- Data segment
++++++++

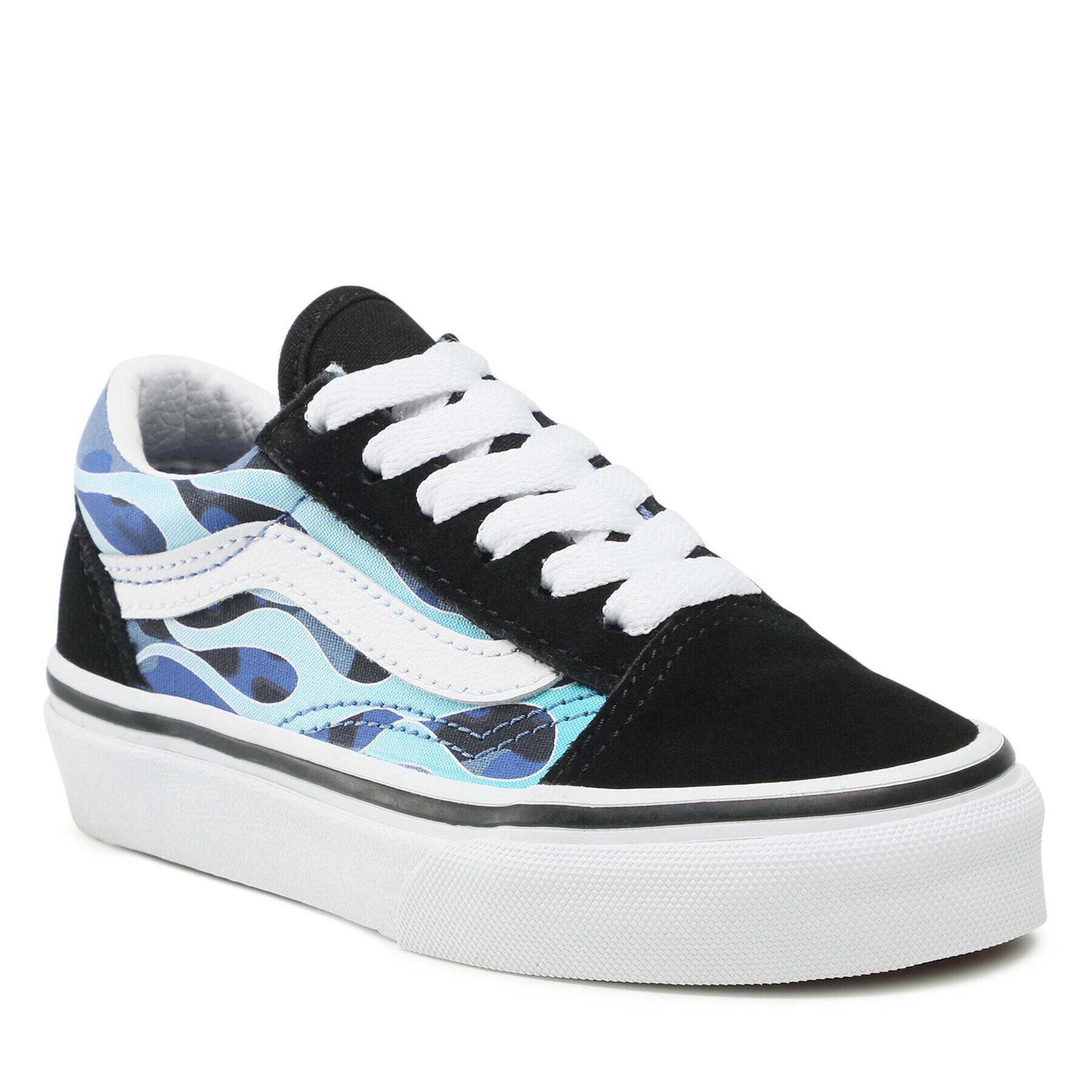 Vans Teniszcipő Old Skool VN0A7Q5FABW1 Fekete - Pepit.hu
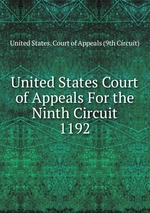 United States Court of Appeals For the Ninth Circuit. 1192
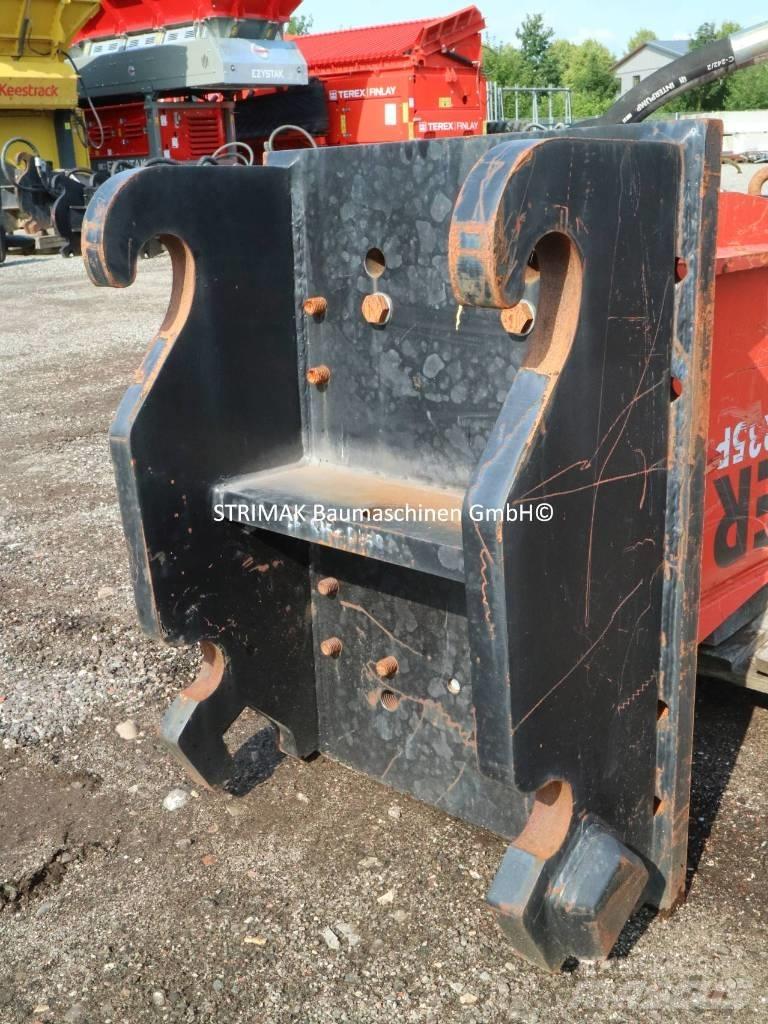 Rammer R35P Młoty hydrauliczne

++++++++

- Task description
Give back exactly the lines from the one that contains "United States Court" to the final line of the data above, both included, with all pictures removed.

- Output below
 United States Court of Appeals For the Ninth Circuit. 1192
 Rammer R35P Młoty hydrauliczne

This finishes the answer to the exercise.